Q: Does gender still play a significant role in promotion decisions? Is it easier for a mediocre male to land a prize leadership role?
A: This is a very live topic. Maria Rachelle addressed it in her Harvard Business Review article entitled, “Why Do So Many Incompetent Men Become Leaders?” (blogs.hbr.org, August 26, 2013 ). Rachelle’s article has raised provocative comments in response to her conclusion that “[t] he real gender issue isn’t a lack of qualified women, but a surplus of unqualified men.”
Whether you agree with Rachelle’s conclusion or not, it is clear we still live in a gender normative business world that rewards male leaders more frequently and more visibly than it does female leaders. Whether this is due to the prevalence of “unqualified men” is open to debate. Many reasons have been cited for gender leadership discrepancies in the workplace from the role “soft skills” play in leadership to the contrast between “male” and “female” values. Issues of access, personal power, presentation and favoritism also come into the discussion. At the core of the discussion, though, are a few fundamental questions:
- Is the whole notion of powerful “leadership” still synonymous in practice with “male leadership”? Is “female leadership” synonymous with weakness?
- Do we still harbor a visceral notion of leadership that tends to favor males/disfavor females?
- Are we more willing, as a culture, to tolerate mediocre male leaders?
- Do we notice female faults, failings and challenges more readily than we notice those of their male peers?
- Do organizations, perhaps by default, groom male middle managers more intentionally for leadership overlooking real female talent in the process?
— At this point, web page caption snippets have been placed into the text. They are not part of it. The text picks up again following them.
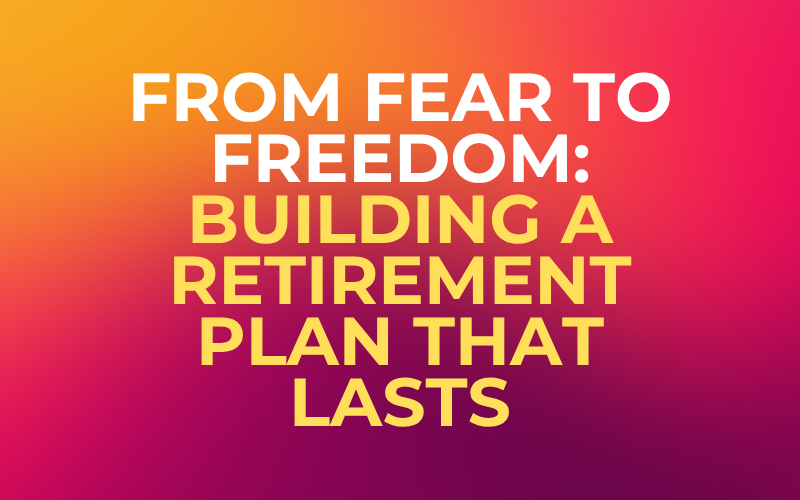 From Fear to Freedom: Building a Retirement Plan That Lasts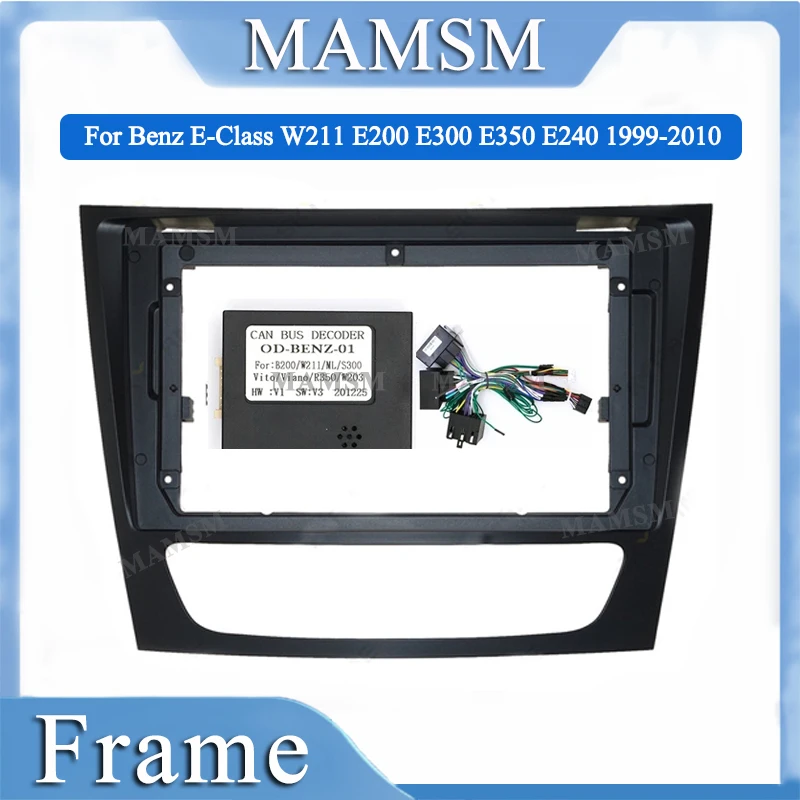 

MAMSM Car Frame Fascia Adapter Canbus Box Decoder For Benz E-Class W211 E200 E300 E350 1999-2010 Radio Dash Fitting Panel Kit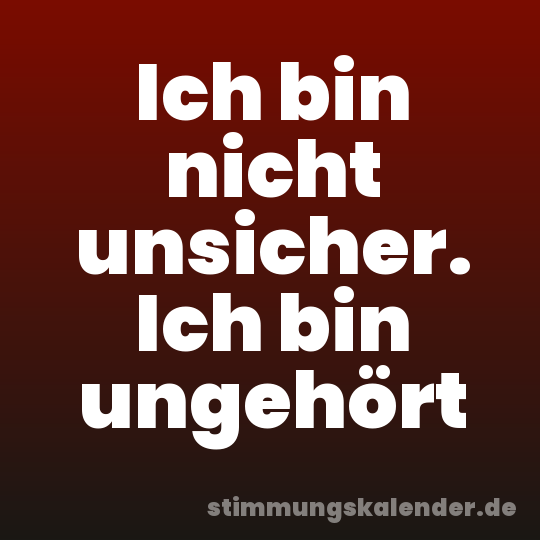 Ich bin nicht unsicher. Ich bin ungehört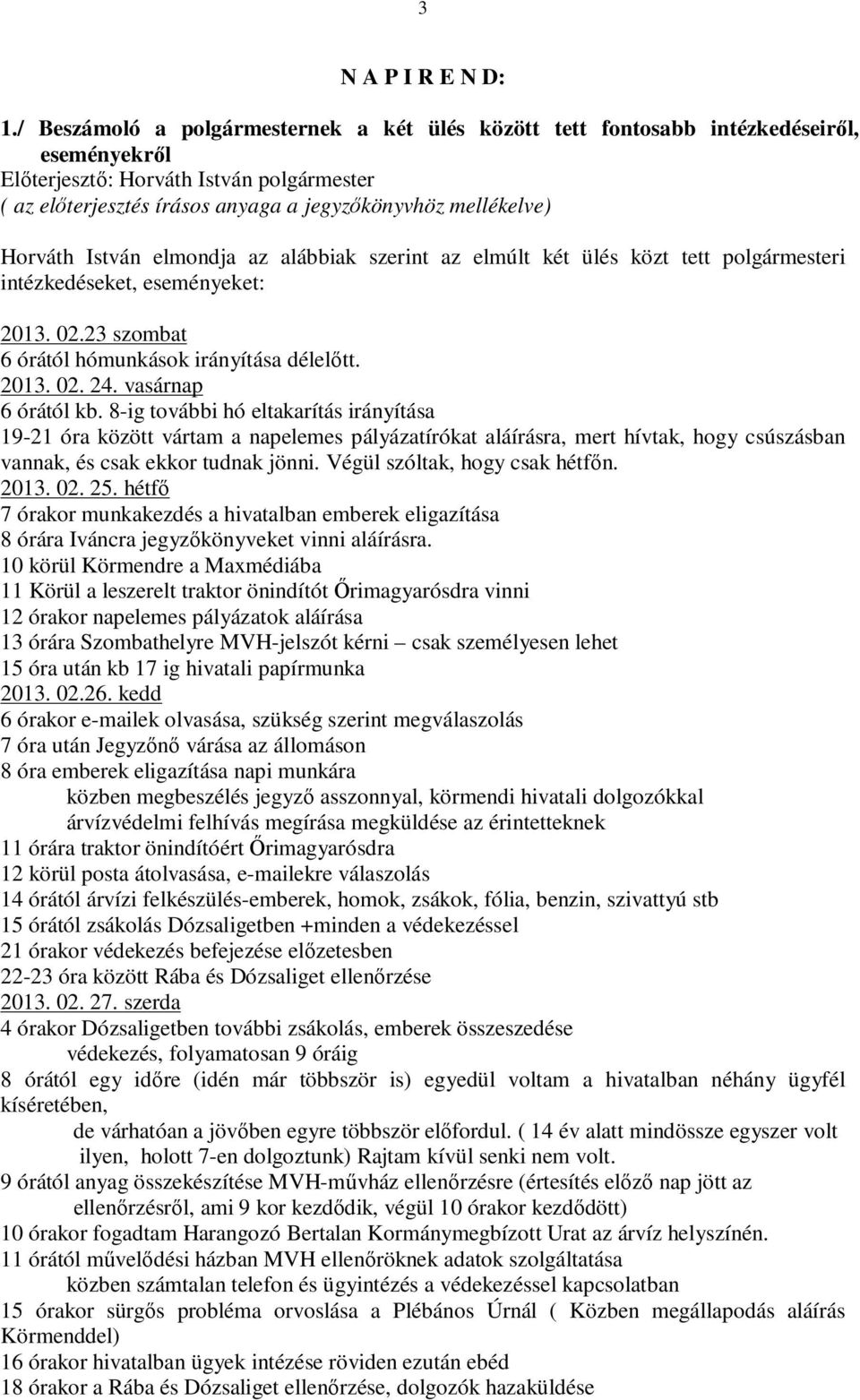 Horváth István elmondja az alábbiak szerint az elmúlt két ülés közt tett polgármesteri intézkedéseket, eseményeket: 2013. 02.23 szombat 6 órától hómunkások irányítása délelőtt. 2013. 02. 24.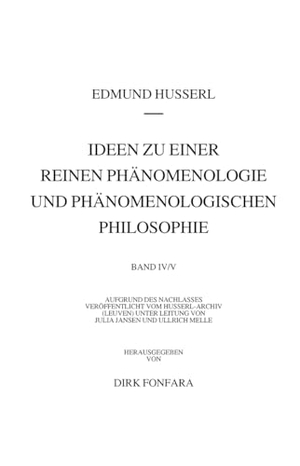Husserl, Edmund. Ideen zu einer reinen Phänomenologie und phänomenologischen Philosophie. Zweites Buch: Phänomenologische Untersuchungen zur Konstitution und Wissenschaftstheorie sowie das Nachwort zu meinen Ideen - Die drei Teilentwürfe und Thematische Ausarbeitungen (1908-1930). Springer-Verlag GmbH, 2025.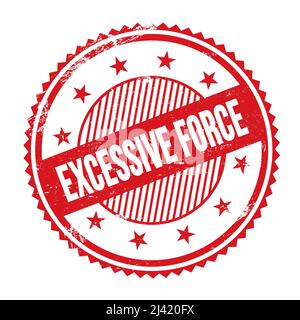 EXCESSIVE FORCE text written on red grungy zig zag borders round stamp. Stock Photo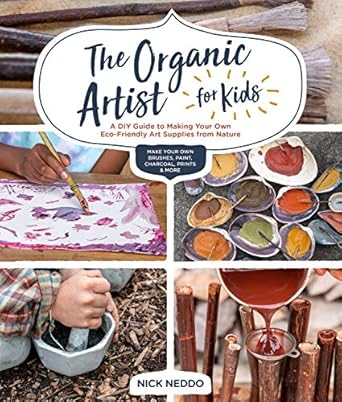Organic Artist for Kids: A DIY Guide to Making Your Own Eco-Friendly Art Supplies from Nature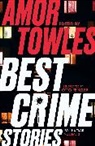 Otto Penzler, Otto Penzler, Amor Towles - Best Crime Stories of the Year Volume 3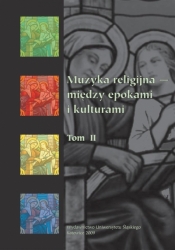 Muzyka religijna między epokami i kulturami T.2 - Bogumiła Mika, Krystyna Turek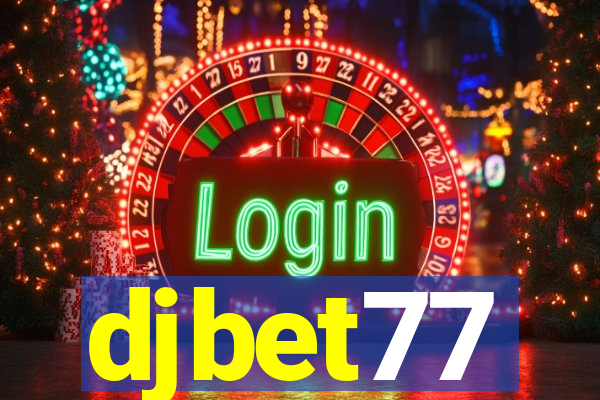 djbet77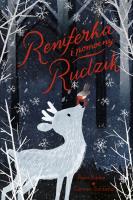 Reniferka i pomocny rudzik. Autor: Bailey Rosa, Saldana Carmen. SmakLiter.pl Okładka książki Reniferka i pomocny rudzik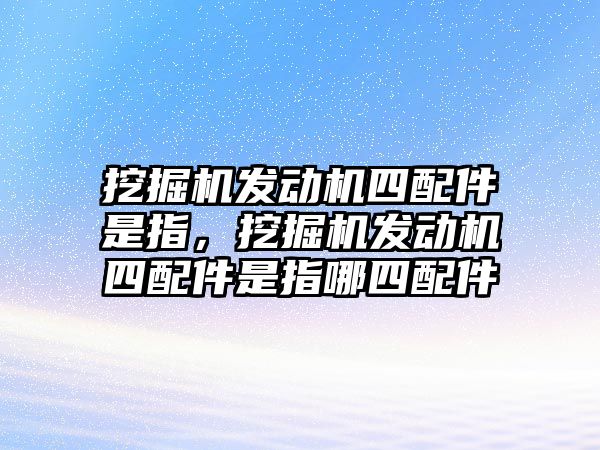 挖掘機發(fā)動機四配件是指，挖掘機發(fā)動機四配件是指哪四配件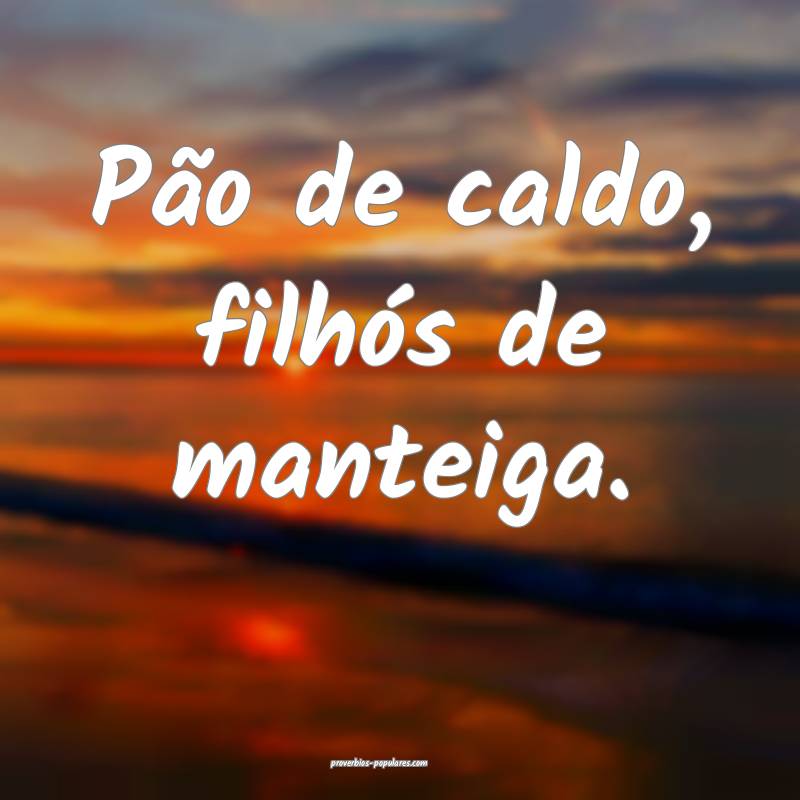 Pão de caldo, filhós de manteiga.
...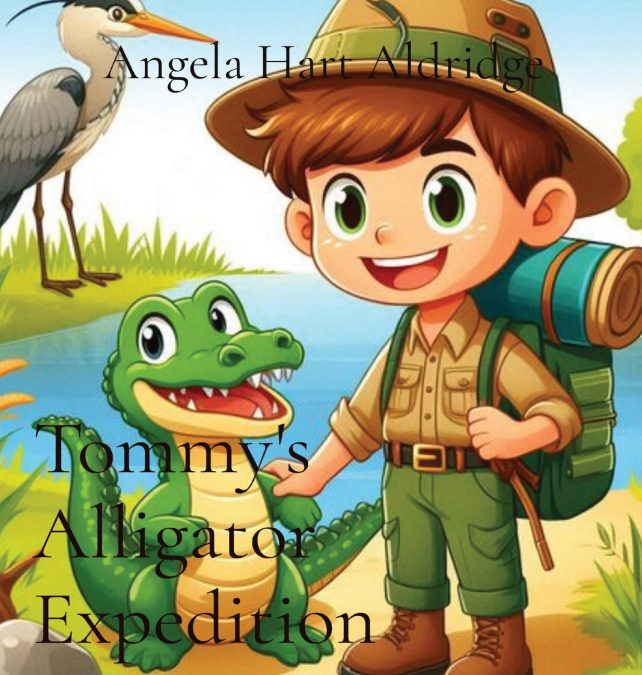 Tommy’s Alligator Expedition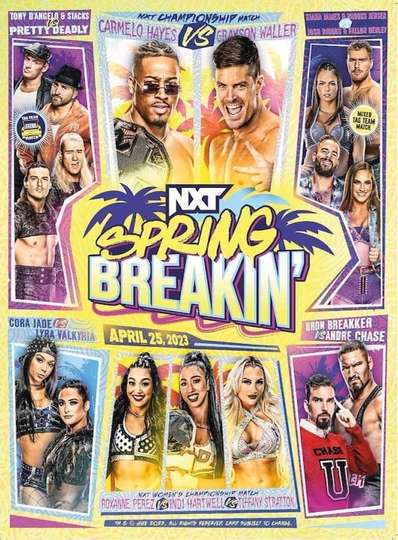 WWE NXT Spring Breakin' 2023 Poster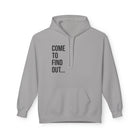 Come to Find Out Graphic Hoodie - Unisex Pullover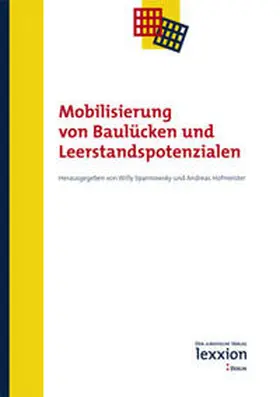 Spannowsky / Hofmeister |  Mobilisierung von Baulücken und Leerstandspotenzialen | Buch |  Sack Fachmedien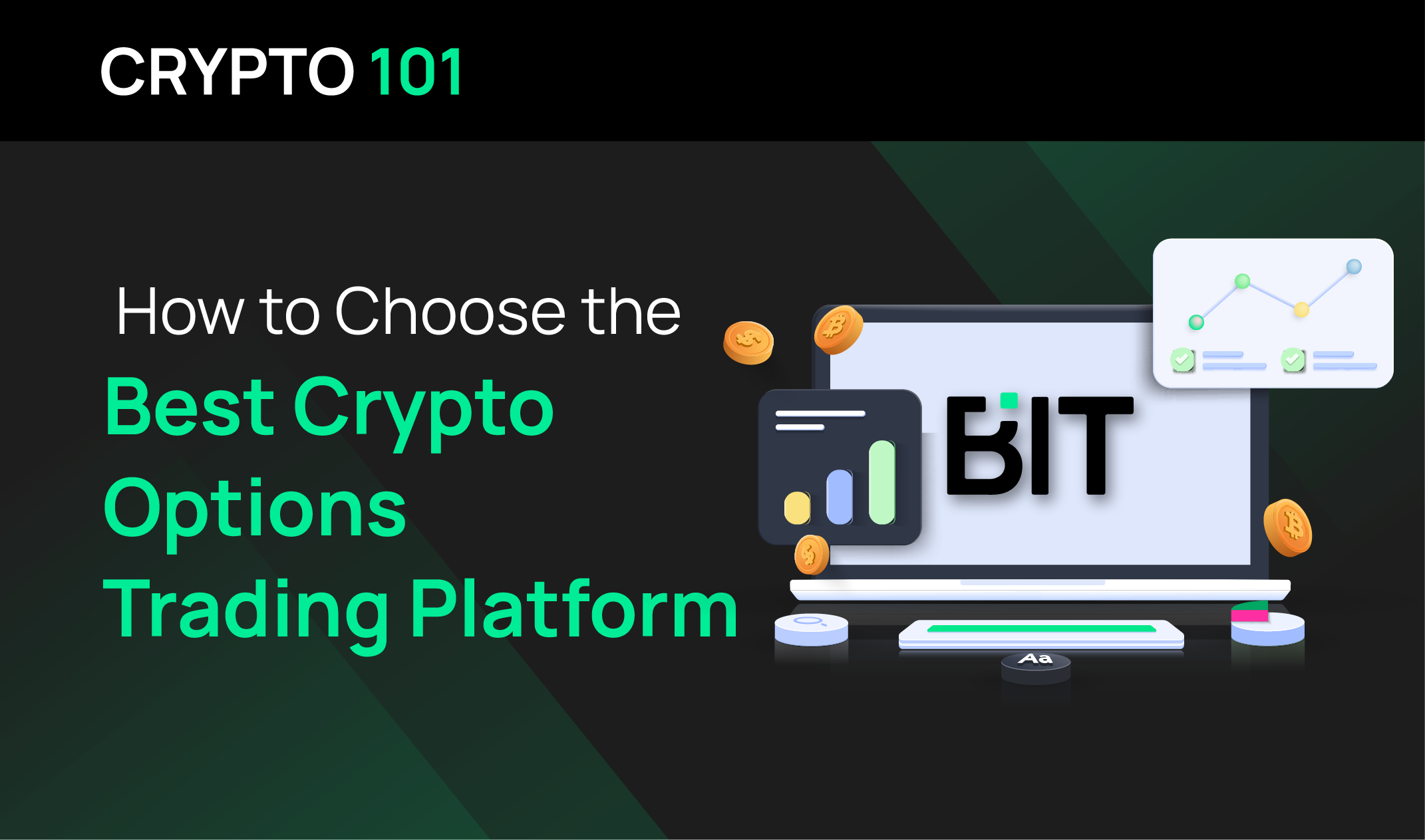 How To Choose The Best Crypto Options Trading Platform | BIT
The article has generated much heated commentary and analysis of everything from soft skills to “command-control” leadership styles. If I had to stake a claim to a position, it would be that the key issue is perception – not competence. I do believe “perception” has strong gender biases that then substantiate the belief in male competence even when the evidence suggests otherwise. My experience has been that it takes much more “incompetence” for a male leader to be judged as such than it does a female leader.
Another way to look at the topic is to see who gets the proverbial “benefit of the doubt.” Many of us are more willing to give a male in a position of authority the “benefit of the doubt” than a female in a parallel role with similar skills. Generally, we do tend to be more critical and less forgiving of women, and this, perhaps even more than women’s “predisposition” to certain skills, traits and operating styles, may account for our perception of their leadership.
Interestingly, I have encountered a similar phenomenon when doing reference checks on powerful women leaders. It is often the case that their peers and supervisors communicate their behavior as intolerable, inexcusable or overly aggressive. At least, this is what they report in a reference process. I suspect the references would not be as critical of a male exhibiting similar traits. Being an Alpha male is okay; being an Alpha female is not.
The tenet of the Rachelle article seems to be that being a mediocre male is generally okay, whereas being a mediocre female is not. My take on all of this is that we have learned to be more critical and to have higher expectations of women in the workforce. This plays itself out in a number of measurable ways including, perhaps, our tolerance for less successful male leaders. If that is the case, and it may well be, the solution is not to start decrying men or waging war on them in the workplace. Rather, the solution might be to take a more generous approach to women who aspire to leadership.